What this task involves:
Exact wording is required for every entry; transcribe all of them and leave the images out.

Source information:

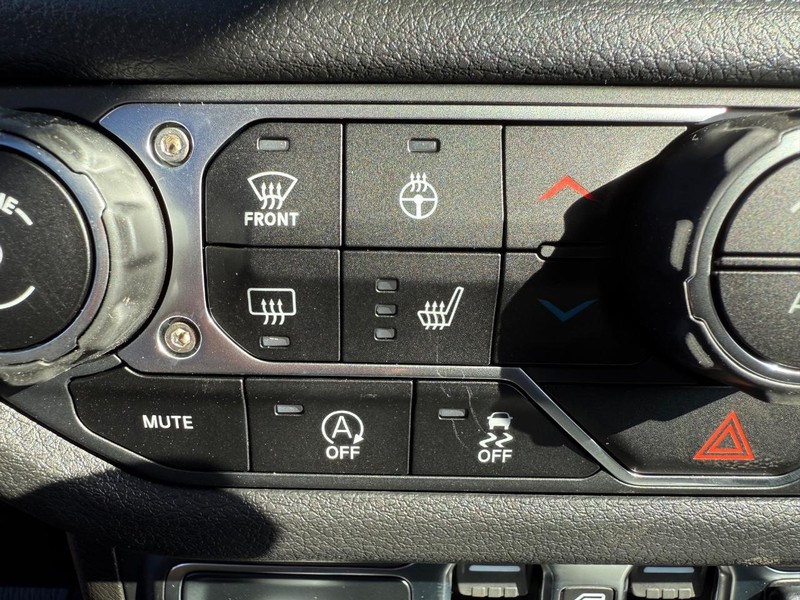 Jeep Wrangler Vehicle Image 10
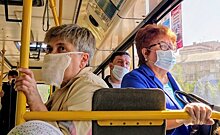 Четыре маски на 28 человек в троллейбусе: беспечность может привести в Татарстан вторую волну COVID-19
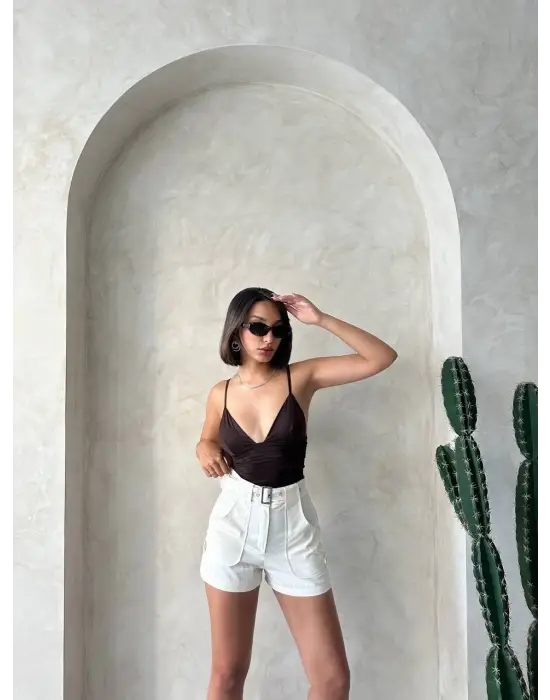 Kemer Detaylı Gabardin Şort Krem S25289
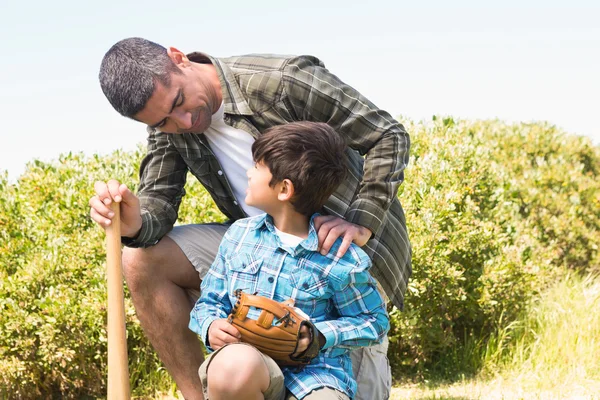 Padre e hijo en el campo —  Fotos de Stock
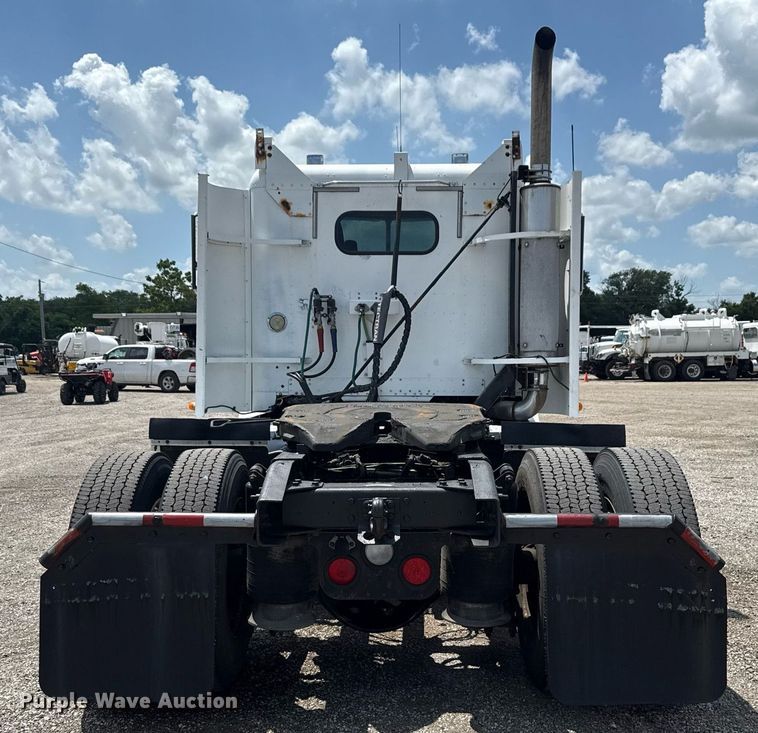 image for item EG6002 2000 Freightliner FLD semi truck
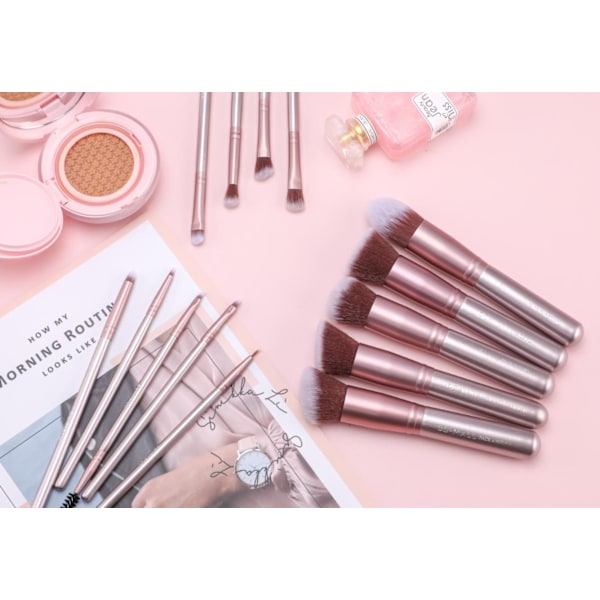 BS02 - BS-MALL 14 stk. eksklusive Make-up / makeupbørster af bedste kvalitet 150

Exercise response:
 Jeep Wrangler Vehicle Image 10
 Четыре маски на 28 человек в троллейбусе: беспечность может привести в Татарстан вторую волну COVID-19
 Kemer Detaylı Gabardin Şort Krem S25289
 Padre e hijo en el campo —  Fotos de Stock
 image for item EG6002 2000 Freightliner FLD semi truck
 BS02 - BS-MALL 14 stk. eksklusive Make-up / makeupbørster af bedste kvalitet 150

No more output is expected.